The belief was that international conflict would diminish as more nations embraced democracy and free markets.
But human nature being what it is, conflicts are once again erupting, escalating and spreading faster than almost anyone expected.
Iran’s supposed missile and drone attacks on Saudi Arabia’s oil industry this past Sept. 14 ...
And the constant conflicts in the South China Sea between China and its neighbors ...
... not to mention continuing protests in Hong Kong, with Chinese troops massing at the border.
Armed conflicts now impact every continent except Antarctica.
And while wars can seem to be triggered by random events — like the assassination of Archduke Ferdinand before World War I — the truth is they’re the result of social and economic forces that build up over time.
Historians and social scientists have studied these forces for hundreds of years. But in the last century, a few mathematicians, cultural anthropologists and sociologists have noticed something:
There is a regular pattern to the outbreak of war.
In fact, the social and economic patterns that make war likely are almost as predictable as the movement of the sun across the sky, or the changing of the seasons.
Two war cycles repeat themselves consistently: a 17.71-year cycle and an 8.8-year cycle.
These, in turn, are sub-cycles within a larger 53.5-year cycle.

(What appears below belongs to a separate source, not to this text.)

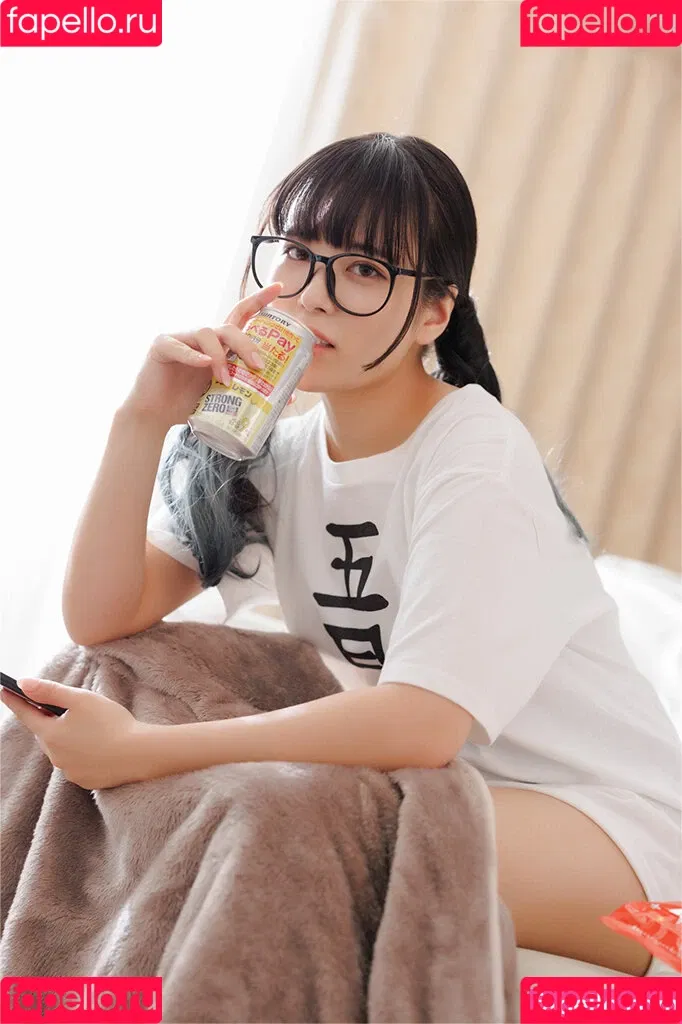 Umi Shinonome / umi_portrait Onlyfans Photo Gallery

This 53.5-year cycle is what I call it the “Granddaddy of War Cycles.”
But here’s what worries me most:
All three of these proven war cycles — the 53.5-year cycle, 17.7-year cycle and the 8.8-year cycle — are converging in a way that hasn’t happened in at least 50 years!

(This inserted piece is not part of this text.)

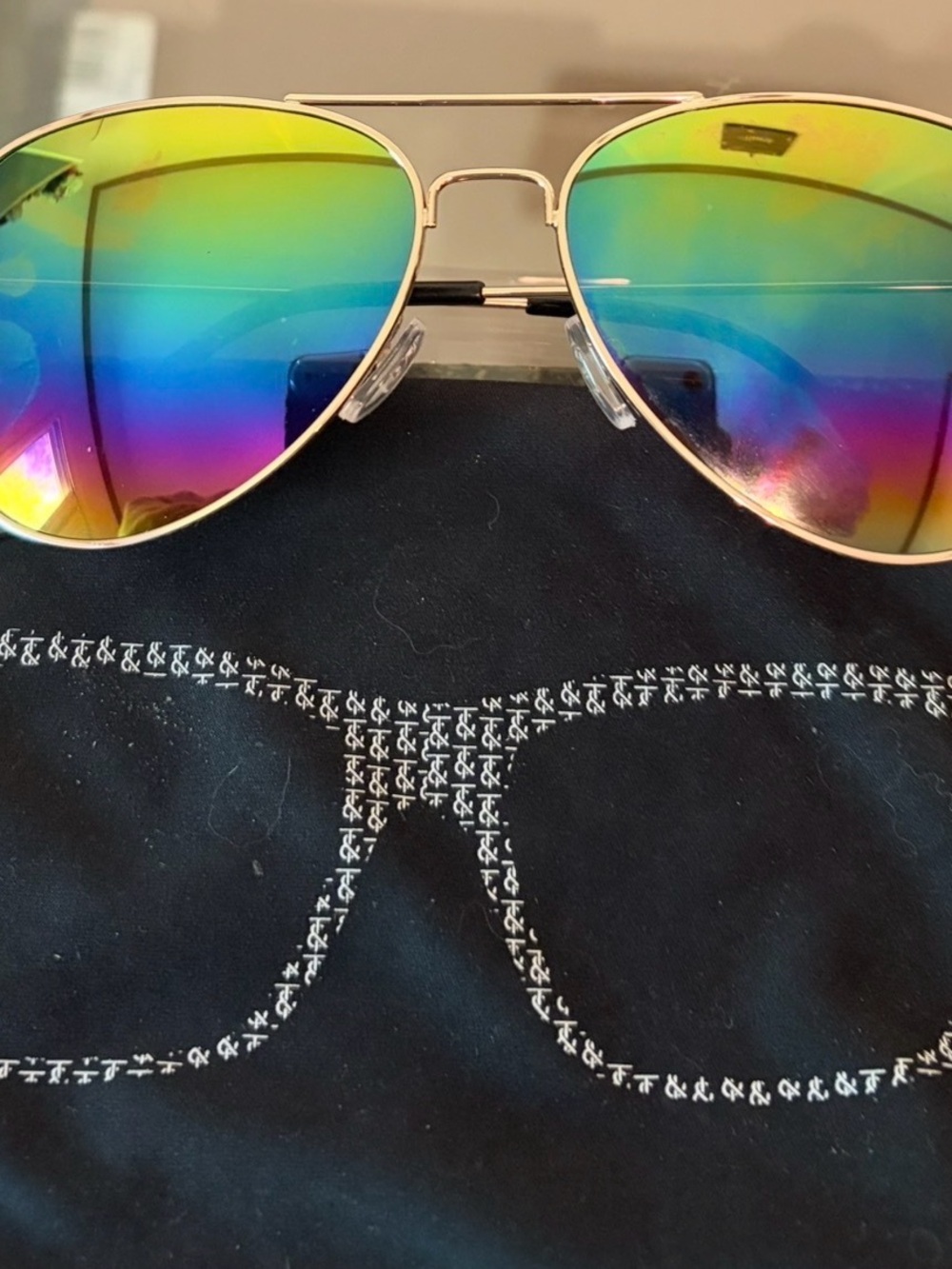 Aviator Mirrored Gradient Sunglasses - Rainbow Lens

And that means we can only expect things to get worse before they get better.
As an investor, you can take advantage of this historic convergence …
Defense stocks are rockets right now, and a smart play would be the iShares U.S. Aerospace & Defense ETF (ITA).
As of this morning, the fund was up 30.3% from the beginning of the year.
That’s almost DOUBLE the Dow Industrials, which only gained 15.3%.
ITA currently gets a "B-" — or, "Buy" — grade from our proprietary Weiss Ratings. That's because it holds a whole bunch of "Buy"-rated big defense stocks like Raytheon (RTN), Northrop Grumman (NOC), Lockheed Martin (LMT), Heico (HEI) and more.
All of those stocks are trading in the $100 to $400 range, which would cost you a fortune to buy each one individually. And while ITA isn't cheap, at $225 and change, it is a much more cost-effective way to own a piece of the defense sector.
I’d take advantage of any pullback if I were you.